(DESCRIPTION OF THE TASK) Everything from the first line of the records below through the line containing "What did Rob" is to be retyped exactly; leave out the rest.

** Opening RECORDS TO USE block **

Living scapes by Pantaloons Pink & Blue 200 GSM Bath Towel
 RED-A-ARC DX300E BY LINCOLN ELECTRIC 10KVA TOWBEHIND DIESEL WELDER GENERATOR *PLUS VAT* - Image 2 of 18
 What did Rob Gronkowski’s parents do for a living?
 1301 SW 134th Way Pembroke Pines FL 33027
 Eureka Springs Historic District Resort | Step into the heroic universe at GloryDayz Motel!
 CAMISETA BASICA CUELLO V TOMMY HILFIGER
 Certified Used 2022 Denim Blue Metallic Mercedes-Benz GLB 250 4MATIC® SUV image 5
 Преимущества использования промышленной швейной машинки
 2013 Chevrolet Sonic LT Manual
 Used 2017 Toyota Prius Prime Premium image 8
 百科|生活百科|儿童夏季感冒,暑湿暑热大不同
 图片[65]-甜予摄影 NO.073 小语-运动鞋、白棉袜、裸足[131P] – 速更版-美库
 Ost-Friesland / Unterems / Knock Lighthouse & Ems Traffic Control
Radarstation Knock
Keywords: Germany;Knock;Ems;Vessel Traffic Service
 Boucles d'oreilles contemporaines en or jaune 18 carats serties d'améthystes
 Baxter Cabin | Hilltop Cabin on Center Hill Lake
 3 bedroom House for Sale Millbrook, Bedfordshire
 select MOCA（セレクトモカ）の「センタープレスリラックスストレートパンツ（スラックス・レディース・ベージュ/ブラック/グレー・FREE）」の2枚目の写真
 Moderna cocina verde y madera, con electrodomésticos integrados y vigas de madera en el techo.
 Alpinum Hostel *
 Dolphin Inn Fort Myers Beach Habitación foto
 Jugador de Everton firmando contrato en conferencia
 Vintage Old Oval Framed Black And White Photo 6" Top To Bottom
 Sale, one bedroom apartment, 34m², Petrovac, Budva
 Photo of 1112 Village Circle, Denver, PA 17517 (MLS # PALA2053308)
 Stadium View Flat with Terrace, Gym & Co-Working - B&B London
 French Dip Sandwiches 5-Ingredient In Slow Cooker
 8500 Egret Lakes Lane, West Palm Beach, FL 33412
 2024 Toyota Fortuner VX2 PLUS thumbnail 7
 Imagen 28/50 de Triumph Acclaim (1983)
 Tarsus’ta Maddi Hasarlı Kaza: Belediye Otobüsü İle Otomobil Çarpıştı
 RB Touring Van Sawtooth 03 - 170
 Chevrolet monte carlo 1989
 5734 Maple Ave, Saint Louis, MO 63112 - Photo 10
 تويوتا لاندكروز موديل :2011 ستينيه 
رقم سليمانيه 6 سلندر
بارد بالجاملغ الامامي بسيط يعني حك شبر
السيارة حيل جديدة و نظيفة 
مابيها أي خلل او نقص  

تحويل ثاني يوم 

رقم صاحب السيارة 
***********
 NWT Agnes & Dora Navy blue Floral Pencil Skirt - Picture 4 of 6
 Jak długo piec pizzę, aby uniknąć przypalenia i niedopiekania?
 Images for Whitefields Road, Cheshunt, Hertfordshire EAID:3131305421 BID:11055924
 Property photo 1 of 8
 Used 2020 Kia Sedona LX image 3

** Closing RECORDS TO USE block **

(ANSWER FOR THE TASK)
Living scapes by Pantaloons Pink & Blue 200 GSM Bath Towel
 RED-A-ARC DX300E BY LINCOLN ELECTRIC 10KVA TOWBEHIND DIESEL WELDER GENERATOR *PLUS VAT* - Image 2 of 18
 What did Rob Gronkowski’s parents do for a living?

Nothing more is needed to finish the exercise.